==== PROVIDED ENTRIES

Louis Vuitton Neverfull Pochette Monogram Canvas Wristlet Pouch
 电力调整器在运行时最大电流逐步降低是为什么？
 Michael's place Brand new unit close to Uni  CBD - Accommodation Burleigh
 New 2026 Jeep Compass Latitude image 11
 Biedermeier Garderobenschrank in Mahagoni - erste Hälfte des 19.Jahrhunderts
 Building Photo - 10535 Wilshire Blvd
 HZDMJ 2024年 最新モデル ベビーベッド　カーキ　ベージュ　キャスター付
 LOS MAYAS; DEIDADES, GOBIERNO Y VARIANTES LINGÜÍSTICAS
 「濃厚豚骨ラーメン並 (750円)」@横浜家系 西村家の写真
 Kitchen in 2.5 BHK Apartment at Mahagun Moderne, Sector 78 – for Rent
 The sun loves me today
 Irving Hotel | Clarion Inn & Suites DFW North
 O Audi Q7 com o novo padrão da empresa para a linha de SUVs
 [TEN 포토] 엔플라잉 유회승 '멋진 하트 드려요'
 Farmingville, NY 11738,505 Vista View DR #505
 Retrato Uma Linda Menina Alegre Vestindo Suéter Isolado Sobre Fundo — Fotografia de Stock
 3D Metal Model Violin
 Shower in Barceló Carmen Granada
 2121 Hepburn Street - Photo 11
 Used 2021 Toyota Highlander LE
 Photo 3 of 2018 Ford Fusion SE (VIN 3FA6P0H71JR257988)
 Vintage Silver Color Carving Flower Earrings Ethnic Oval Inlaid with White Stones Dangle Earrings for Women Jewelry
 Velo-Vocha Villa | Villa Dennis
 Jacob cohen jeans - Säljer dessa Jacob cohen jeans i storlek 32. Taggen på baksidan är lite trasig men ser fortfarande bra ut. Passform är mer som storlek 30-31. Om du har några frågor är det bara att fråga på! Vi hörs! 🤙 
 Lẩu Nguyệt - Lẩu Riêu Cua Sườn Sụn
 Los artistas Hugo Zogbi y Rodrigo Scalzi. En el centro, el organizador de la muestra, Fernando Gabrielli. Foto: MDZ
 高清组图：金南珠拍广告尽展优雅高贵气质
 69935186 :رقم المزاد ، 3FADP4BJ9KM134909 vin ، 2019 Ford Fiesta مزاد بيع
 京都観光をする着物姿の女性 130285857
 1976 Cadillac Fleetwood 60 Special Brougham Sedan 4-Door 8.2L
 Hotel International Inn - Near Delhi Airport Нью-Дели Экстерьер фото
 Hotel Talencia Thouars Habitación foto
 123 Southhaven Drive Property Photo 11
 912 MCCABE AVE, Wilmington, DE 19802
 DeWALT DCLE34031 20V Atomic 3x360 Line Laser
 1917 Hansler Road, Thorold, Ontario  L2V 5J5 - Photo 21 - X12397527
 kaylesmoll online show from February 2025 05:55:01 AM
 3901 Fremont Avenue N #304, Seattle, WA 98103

========

• **REQUIRED WORK**:
Each line of the listing is to be reproduced verbatim.

• **OUTPUT BELOW**:
Louis Vuitton Neverfull Pochette Monogram Canvas Wristlet Pouch
 电力调整器在运行时最大电流逐步降低是为什么？
 Michael's place Brand new unit close to Uni  CBD - Accommodation Burleigh
 New 2026 Jeep Compass Latitude image 11
 Biedermeier Garderobenschrank in Mahagoni - erste Hälfte des 19.Jahrhunderts
 Building Photo - 10535 Wilshire Blvd
 HZDMJ 2024年 最新モデル ベビーベッド　カーキ　ベージュ　キャスター付
 LOS MAYAS; DEIDADES, GOBIERNO Y VARIANTES LINGÜÍSTICAS
 「濃厚豚骨ラーメン並 (750円)」@横浜家系 西村家の写真
 Kitchen in 2.5 BHK Apartment at Mahagun Moderne, Sector 78 – for Rent
 The sun loves me today
 Irving Hotel | Clarion Inn & Suites DFW North
 O Audi Q7 com o novo padrão da empresa para a linha de SUVs
 [TEN 포토] 엔플라잉 유회승 '멋진 하트 드려요'
 Farmingville, NY 11738,505 Vista View DR #505
 Retrato Uma Linda Menina Alegre Vestindo Suéter Isolado Sobre Fundo — Fotografia de Stock
 3D Metal Model Violin
 Shower in Barceló Carmen Granada
 2121 Hepburn Street - Photo 11
 Used 2021 Toyota Highlander LE
 Photo 3 of 2018 Ford Fusion SE (VIN 3FA6P0H71JR257988)
 Vintage Silver Color Carving Flower Earrings Ethnic Oval Inlaid with White Stones Dangle Earrings for Women Jewelry
 Velo-Vocha Villa | Villa Dennis
 Jacob cohen jeans - Säljer dessa Jacob cohen jeans i storlek 32. Taggen på baksidan är lite trasig men ser fortfarande bra ut. Passform är mer som storlek 30-31. Om du har några frågor är det bara att fråga på! Vi hörs! 🤙 
 Lẩu Nguyệt - Lẩu Riêu Cua Sườn Sụn
 Los artistas Hugo Zogbi y Rodrigo Scalzi. En el centro, el organizador de la muestra, Fernando Gabrielli. Foto: MDZ
 高清组图：金南珠拍广告尽展优雅高贵气质
 69935186 :رقم المزاد ، 3FADP4BJ9KM134909 vin ، 2019 Ford Fiesta مزاد بيع
 京都観光をする着物姿の女性 130285857
 1976 Cadillac Fleetwood 60 Special Brougham Sedan 4-Door 8.2L
 Hotel International Inn - Near Delhi Airport Нью-Дели Экстерьер фото
 Hotel Talencia Thouars Habitación foto
 123 Southhaven Drive Property Photo 11
 912 MCCABE AVE, Wilmington, DE 19802
 DeWALT DCLE34031 20V Atomic 3x360 Line Laser
 1917 Hansler Road, Thorold, Ontario  L2V 5J5 - Photo 21 - X12397527
 kaylesmoll online show from February 2025 05:55:01 AM
 3901 Fremont Avenue N #304, Seattle, WA 98103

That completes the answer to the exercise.